- Work to be completed -
Copy exactly the lines from the one containing "Foto 1 de 1 - Casa para aluguel em Itapuca" through the last line of the records below, both included, and leave out the pictures.

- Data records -
--- START ---
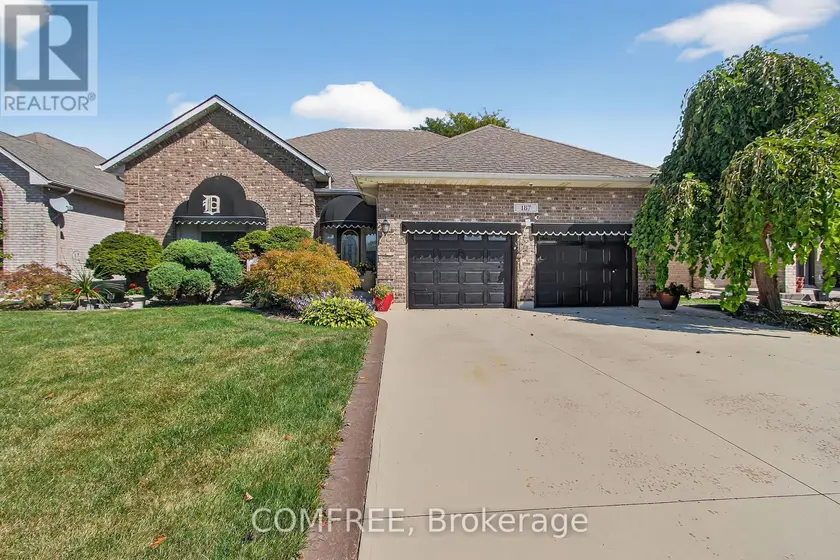 Detached at 187 TERRA LOU DRIVE, Lakeshore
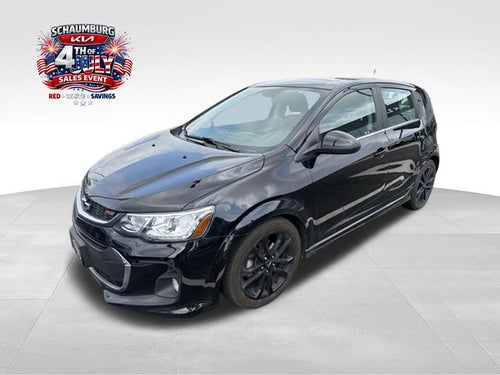 2019 Chevrolet Sonic Premier
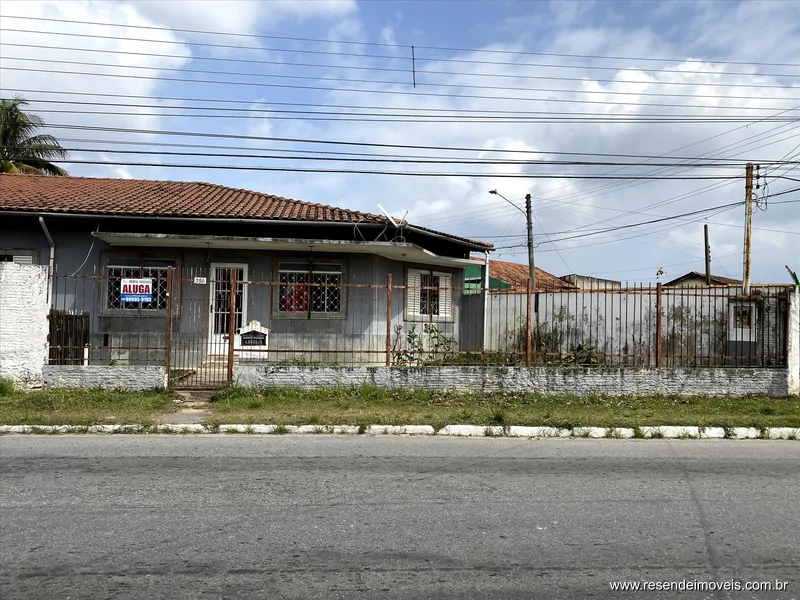 Foto 1 de 1 - Casa para aluguel em Itapuca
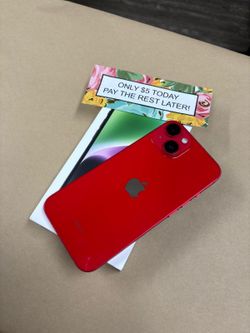 🚀 Apple iPhone 14 6.1" – Unlocked & Affordable! Start with $5 Down! 💥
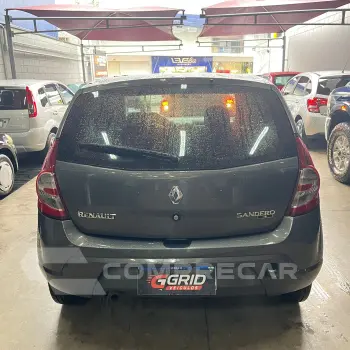 SANDERO 1.6 Privilége 16V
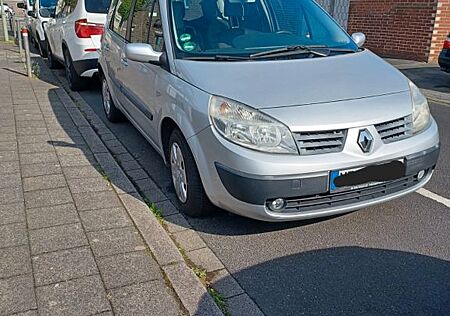 Renault Scenic 1.6 Autom. TÜV 04/27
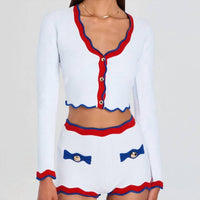 Retrofete - Orlaithe Knit Cardigan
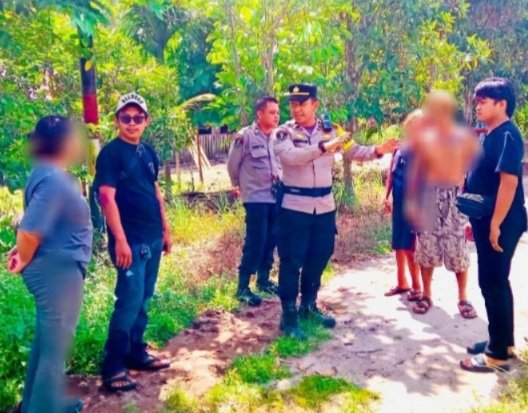 Polresta Damaikan Dua Pihak yang Berseteru Masalah Tanah di Jalan Banteng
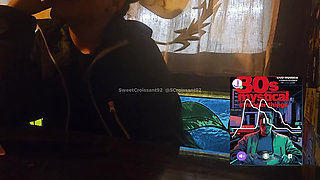 She's having fun in a bar with her remote-controlled toy to the sound of Stranger Things. She asks them to stop... r&hellip;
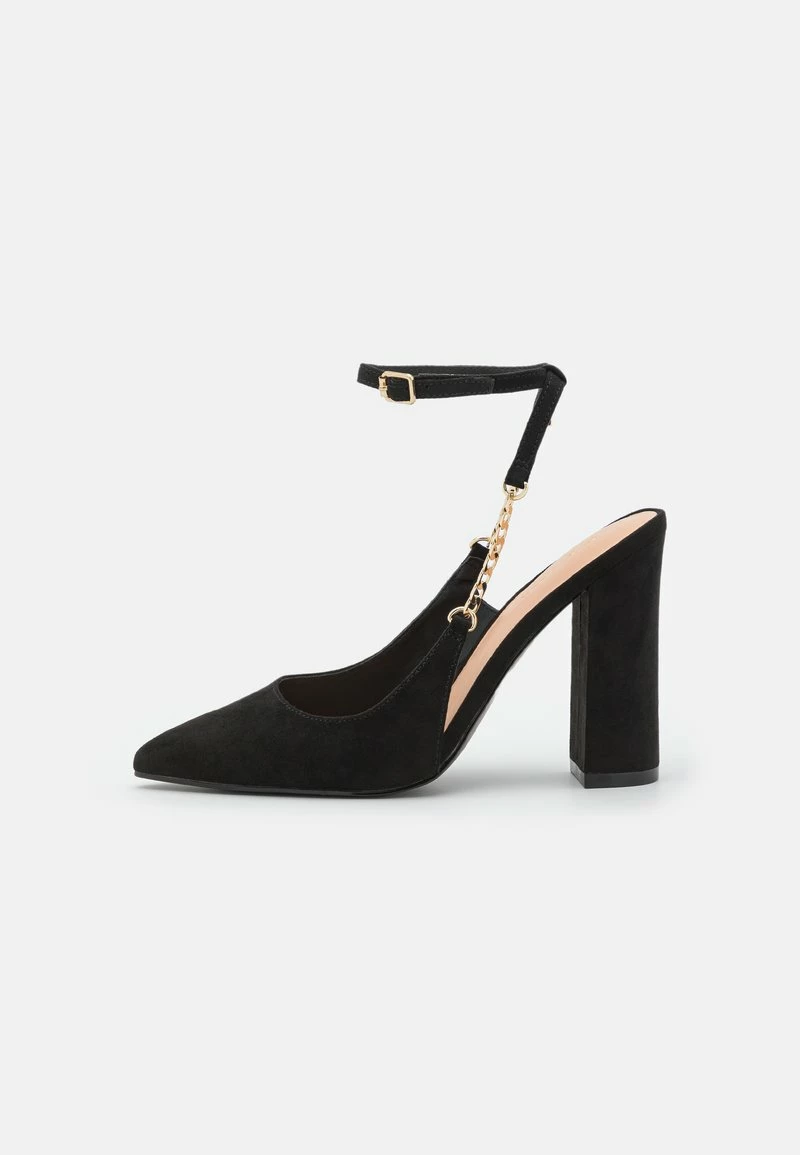 Even&Odd Damen Pumps - Black 4 Even&Odd Damen Pumps - Black – Bild 2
--- END ---
- Exercise output -
 Foto 1 de 1 - Casa para aluguel em Itapuca
 🚀 Apple iPhone 14 6.1" – Unlocked & Affordable! Start with $5 Down! 💥
 SANDERO 1.6 Privilége 16V
 Renault Scenic 1.6 Autom. TÜV 04/27
 Retrofete - Orlaithe Knit Cardigan
 Polresta Damaikan Dua Pihak yang Berseteru Masalah Tanah di Jalan Banteng
 She's having fun in a bar with her remote-controlled toy to the sound of Stranger Things. She asks them to stop... r&hellip;
 Even&Odd Damen Pumps - Black 4 Even&Odd Damen Pumps - Black – Bild 2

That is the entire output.